15 Mart 2016

Çelebi Mehmed ile umranımızı hatırlamak

Osmanlı Devleti, bir asabiyenin umrana tahvili ile kurulup, Türk cihan hâkimiyeti mefkûresinin İslam anlayışı ile tarihe yeniden mal olduğu bir zamanı anlatır. Osmanlılar bir mefkûre ile kurulmuş ki bu asabiyeye yönünü belirlemiştir; bir imar düşüncesi ile gelişmiş ki umran anlayışı aktüel kimliğini bu yolla bulmuştur, nihayet adalet ve bilgi üzerinde yükselen bir şahsiyet davasının temsilcisi olmuştur. Bu bakımdan milli hayatımızı her alan birlikte düşünmek zorunda olduğumuz, epistemolojik tecdidimizde yol başı kavramlarımız olması icap eden mefkurecilik, umrancılık ve şahsiyetçilik bizim için temeddünümüz için hayati düzeyde kavramlardır. Bu kavramların soyut evrenden somut bir zemine kavuşmasının analizi ise tarihi süreçte söz konusu olabilir. İşte bu yazının mevzuu olan Çelebi Mehmed (1389-1421)'in sandukasındaki ibareler bize asırlar ötesinden bu gerçeği gören gözler, bilen akıllar ve anlayan idrakler için söylemektedir. Hatırlanacakların var edeceği bilgi tecdidi sağlayacak doğurtucu etki yapabilecek en azından sistematik bakış kazanmamızı sağlayabilecektir. 

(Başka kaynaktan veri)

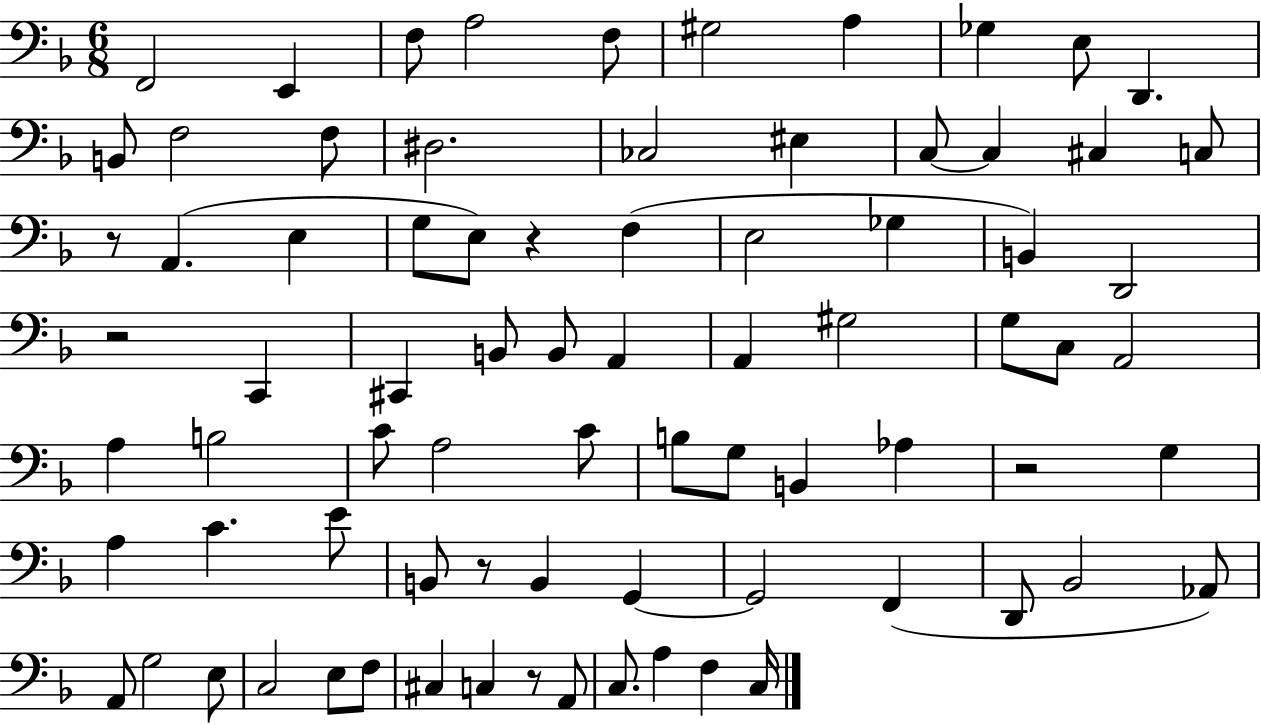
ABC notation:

X:1
T:Untitled
M:6/8
L:1/4
K:F
F,,2 E,, F,/2 A,2 F,/2 ^G,2 A, _G, E,/2 D,, B,,/2 F,2 F,/2 ^D,2 _C,2 ^E, C,/2 C, ^C, C,/2 z/2 A,, E, G,/2 E,/2 z F, E,2 _G, B,, D,,2 z2 C,, ^C,, B,,/2 B,,/2 A,, A,, ^G,2 G,/2 C,/2 A,,2 A, B,2 C/2 A,2 C/2 B,/2 G,/2 B,, _A, z2 G, A, C E/2 B,,/2 z/2 B,, G,, G,,2 F,, D,,/2 _B,,2 _A,,/2 A,,/2 G,2 E,/2 C,2 E,/2 F,/2 ^C, C, z/2 A,,/2 C,/2 A, F, C,/4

Çelebi Mehmed'in Bursa Yeşil Türbe'deki sandukası üzerinde: “nâsıru'l-ibâd ve âmiru'l-bilâd ve dâfiu'z-zulûmât ve'l-fesâd” yazılıdır. Bu ibare halka yardım eden (mefkûre), beldeleri imar eden (umran) ve zulum ve yolsuzluğu kovan (şahsiyet) manasına gelir. Görüldüğü gibi aç milleti doyurmak, âleme nizam vermek ve mefkûresince ahlaklı olmak kadim bir geleneğimiz ve milliyetçiliğimizin de tematik özüdür. Sözümüzde mezar sandukalarına kadar böyle devam eder. Dolayısıyla idrakli, iradeli ve şuurlu bir milli akıl mefkûre, umran ve şahsiyet esasına müstenit olmalıdır. Âleme nizam verme iddiasında olanların bu konularda nerede durduklarına, buna dair insan yetiştirmede neler yaptığına ve bu konuda kurumlar var etmede nereye vardıklarına bakmakta yarar vardır.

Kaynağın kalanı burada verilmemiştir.